“Di una cosa sono convinto: comunque vada a finire, non è in gioco la democrazia. Del resto sia i costituzionalisti del No che quelli del Sì, lo riconoscono. I pericoli sono altri, non l’esito del referendum.” L’intervista dell’ex sindaco di Milano, Giuliano Pisapia, rilasciata stamani a Repubblica non lascia spazio a interpretazioni: il rischio della deriva autoritaria, di cui alcuni strumentalmente parlano, semplicemente non esiste.
“Non si può dimenticare che è stato il Parlamento – continua Pisapia – a chiedere una riforma che semplificasse il sistema e che garantisse una maggiore governabilità, dando migliori opportunità al Parlamento e non certo al governo o al suo presidente. Questa riforma non aumenta i poteri del presidente del Consiglio e rafforza il ricorso a leggi di iniziativa popolare. E voglio ricordare che, quando ha dichiarato incostituzionale il Porcellum, la Consulta ha detto espressamente che sono obiettivi di rilievo costituzionale anche la stabilità del governo del Paese e l’efficienza dei processi parlamentari “.

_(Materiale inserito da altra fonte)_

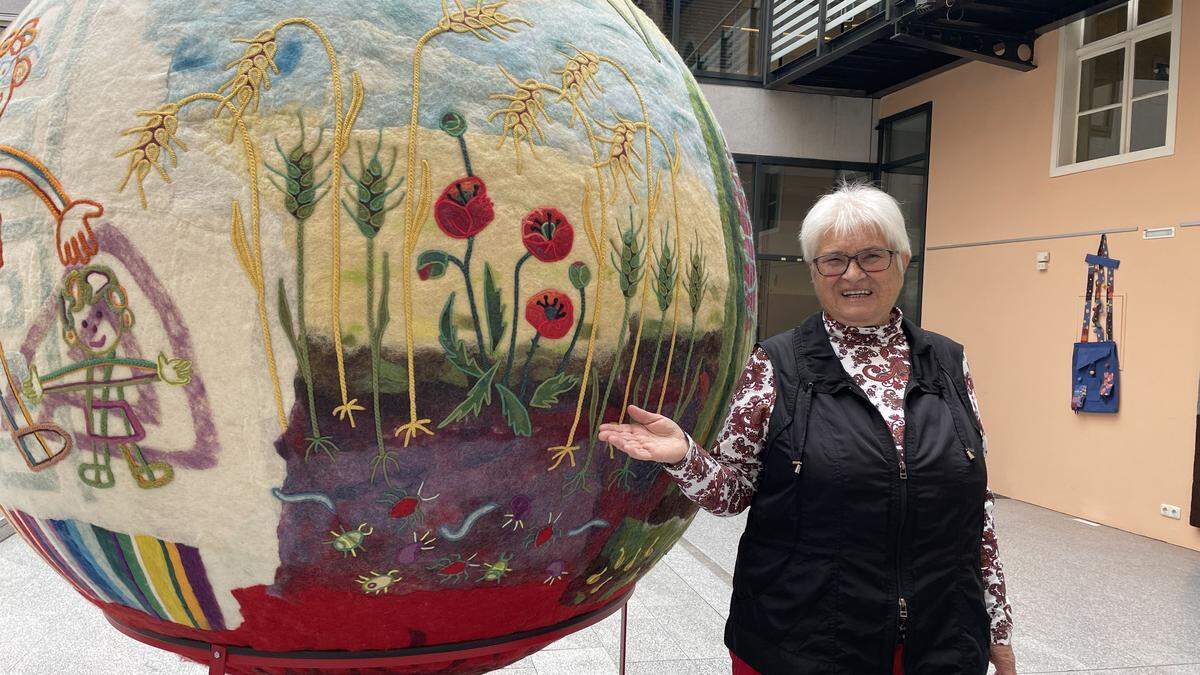 Künstlerin Hannelore Fasser im Brucker Rathaushof mit einer der drei Bälle ihrer Ausstellung, der für die Erde steht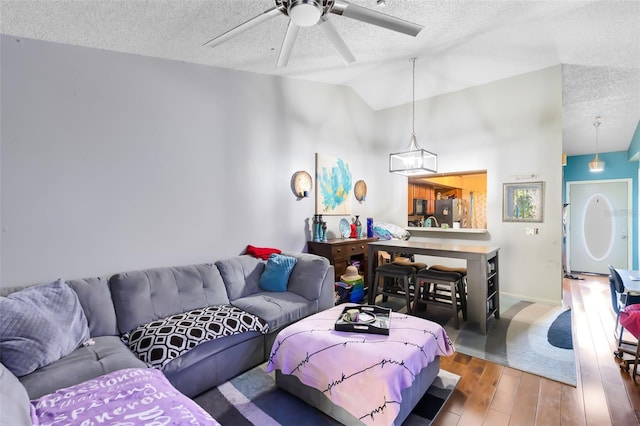 living room with a textured ceiling, ceiling fan, hardwood / wood-style floors, and lofted ceiling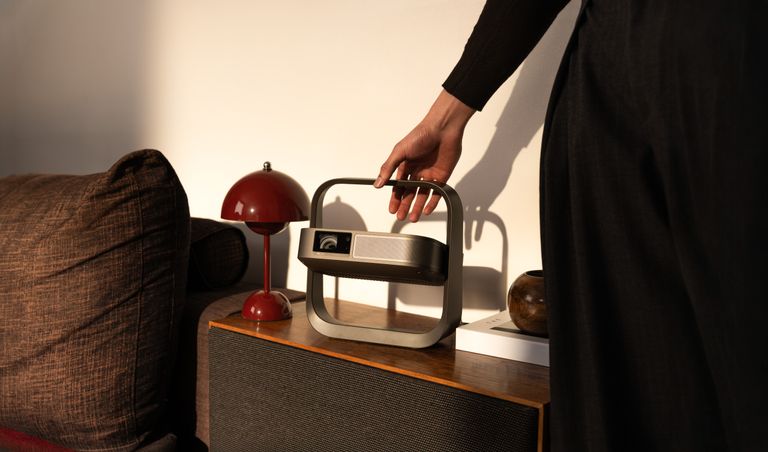 Portable projector on a table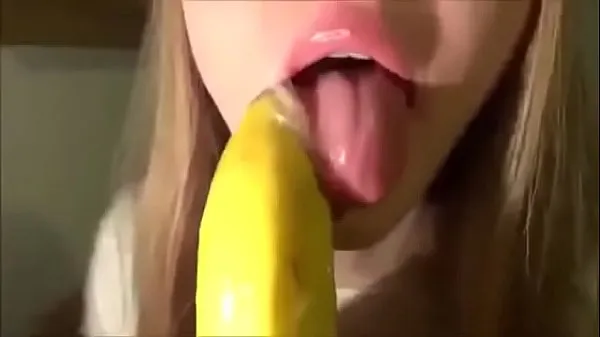 Big Cute Girl Sucking a Banana with Condom new Videos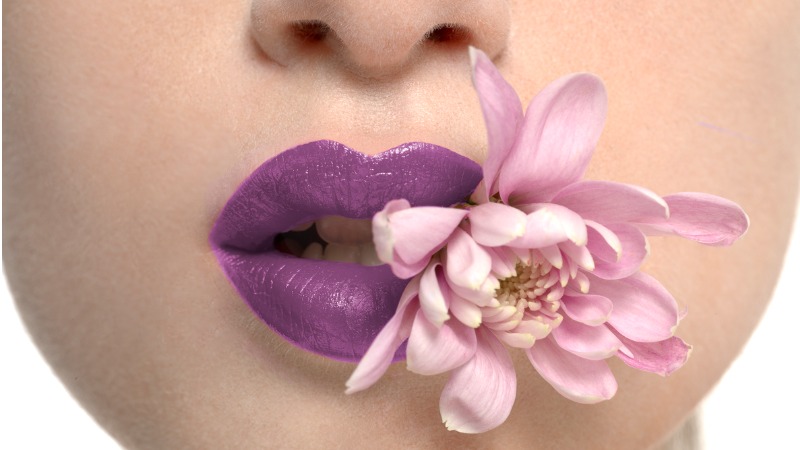 mulher usando batom na cor roxa nos lábios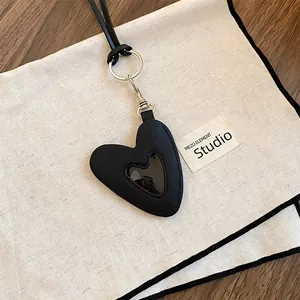 Gros plan d'un pendentif en cuir noir en forme de cœur avec un clip métallique argenté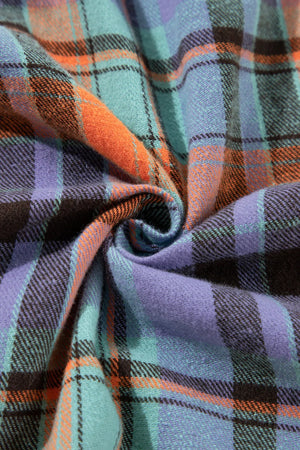 Oversized shacket in orange, purple, and teal plaid fabric with a soft texture.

Il tono un po’ aspro e allo stesso tempo carico di sconforto che si legge tra le righe dell’intervista mostra tutta l’insofferenza nei confronti di certe pieghe che sta prendendo il dibattito sul referendum: divisioni, scontri e interessi politici spesso prevalgono sulle questioni di merito. Infatti, Pisapia si sta impegnando in prima persona per spostare l’asse della discussione sui contenuti della proposta di modifica della Costituzione: “sto facendo un giro dell’Italia per invitare a confronti nel merito, sui vantaggi e gli svantaggi”, e quando gli viene chiesto cosa voterà alla consultazione di ottobre chiarisce che dal suo punto di vista “la situazione che si è creata mi rende difficile dare oggi una risposta. Ci sono i guelfi e i ghibellini, non c’è spazio per la ragionevolezza. E io credo fortemente in una politica ragionevole”.
Eppure “che ci sia bisogno di riforme è opinione largamente condivisa. Così come mi sembra che tutti – anche in Italia, ed è quello che mi interessa – siano d’accordo nel ritenere che quello di avere governi stabili è un bisogno reale“.